You can tell there’s a sense of pride in creating a functional and clean looking design, even if it’s not quite as simple as going about things the usual way. The same goes for the optional integrated seat clamp.
The head tube badge is another lovely touch, with all the frame details stamped onto something that’s reminiscent of a registration plate you’d find on some hulking piece of factory machinery. You can even add your own text onto it to make the bike uniquely yours.
Though it’s likely that most of the people in the market for a high-end handbuilt frame are likely to go for a fully custom build, BTR is now offering the bike complete with a pick of parts that the team reckon complement the frame.
That means a Marzocchi 350CR fork up front, a Renthal cockpit with 740mm bar, Shimano M506 disc brakes and SRAM GX drivetrain. The wheels are handbuilt by August Bicycles and have 28.8mm internal width Ryde Trace Enduro rims paired to August hubs, shod with a Maxxis High Roller II up front and a faster-rolling Ardent at the back. They’re tubeless ready and also use the reinforced EXO casing.

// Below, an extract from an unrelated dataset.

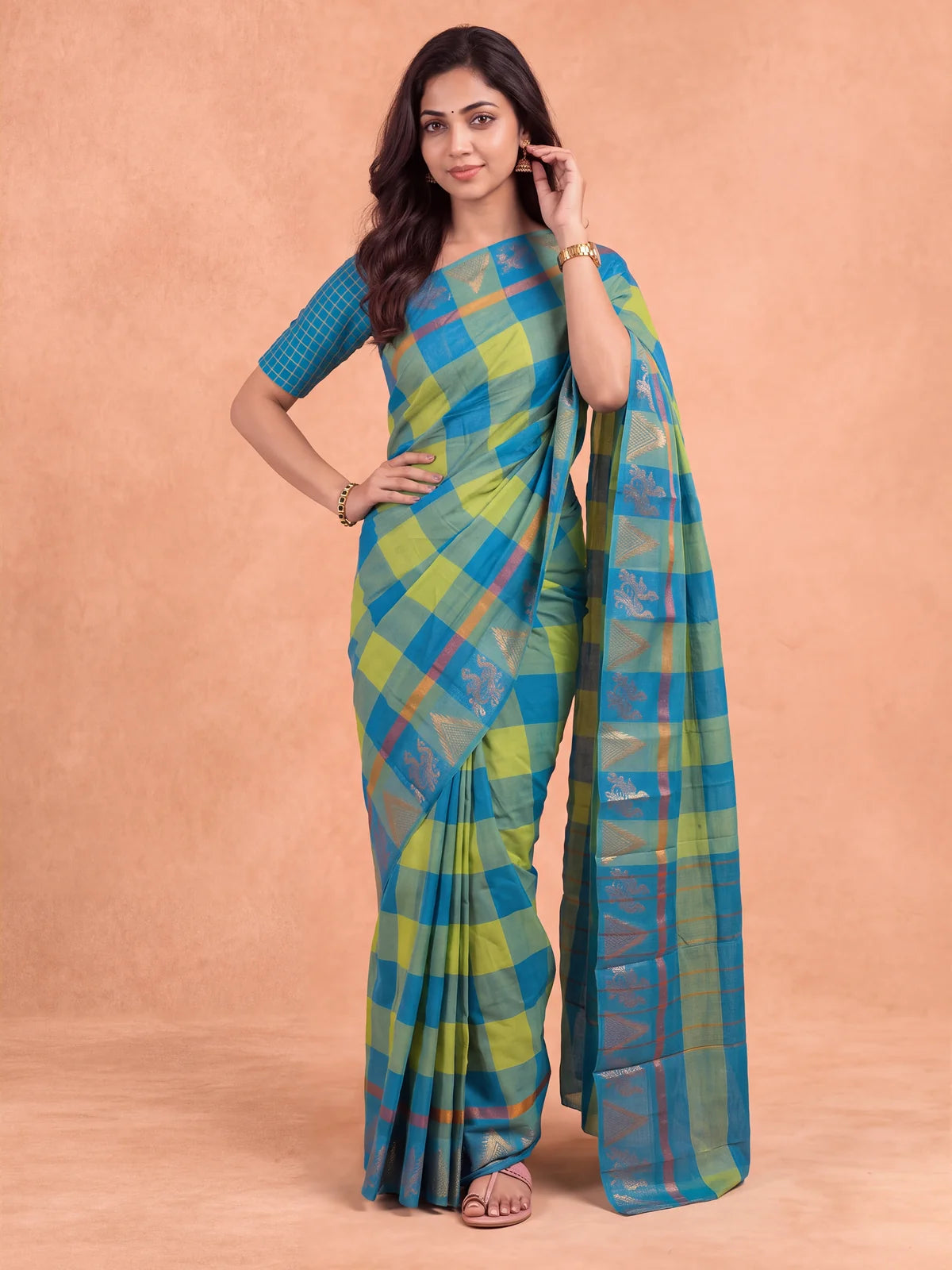 Ramyyam Women Chettinad Cotton Blue with Green Saree CCS19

It’s not flashy, big ticket stuff but it works just as well. At 28.2lb/12.8kg without pedals it also means there’s room to drop some weight should you wish to, but even in stock forms it’s robust enough to cope with an absolute battering without being knocked off line.
Clattering down descents at maximum attack is what the bike encourages you to do too. It’s no bendy, traditionally skinny-tubed steel machine, but it certainly feels less violently harsh than a comparable alloy bike.
For all-out descending madness, some might like a bit more reach but it’s a good compromise between involving you in the ride and outright stability. I'm 5ft 8in / 173cm, and felt the 150mm long head tube of the large frame was possibly a touch tall to weight the front wheel without a conscious effort on flatter twisty trails, but that does encourage you to ride the front, especially on steeps.
The slack head angle means it’s utterly competent there too, with the well-damped and supportive fork helping sustain this sensation. It’s happy to pop and hop over obstacles, with a dynamic feel that never trips over into nervousness, and it’s perfectly happy when hauling back uphill too.
It’s hard to avoid the mention of value, as there are a lot of excellent complete bikes you could buy for the price of the Ranger's frame. However, if you value being able to talk directly with the people who will make your bike, discuss every detail or even head down to a small workshop in the British countryside and watch your frame take shape, then it’s likely the Ranger will be right up your street.
It works beautifully as a piece of machinery, rides very well and is tough enough to last a lifetime. But it’s also a work of art that’s liable to make you smile without even having to swing a leg over it.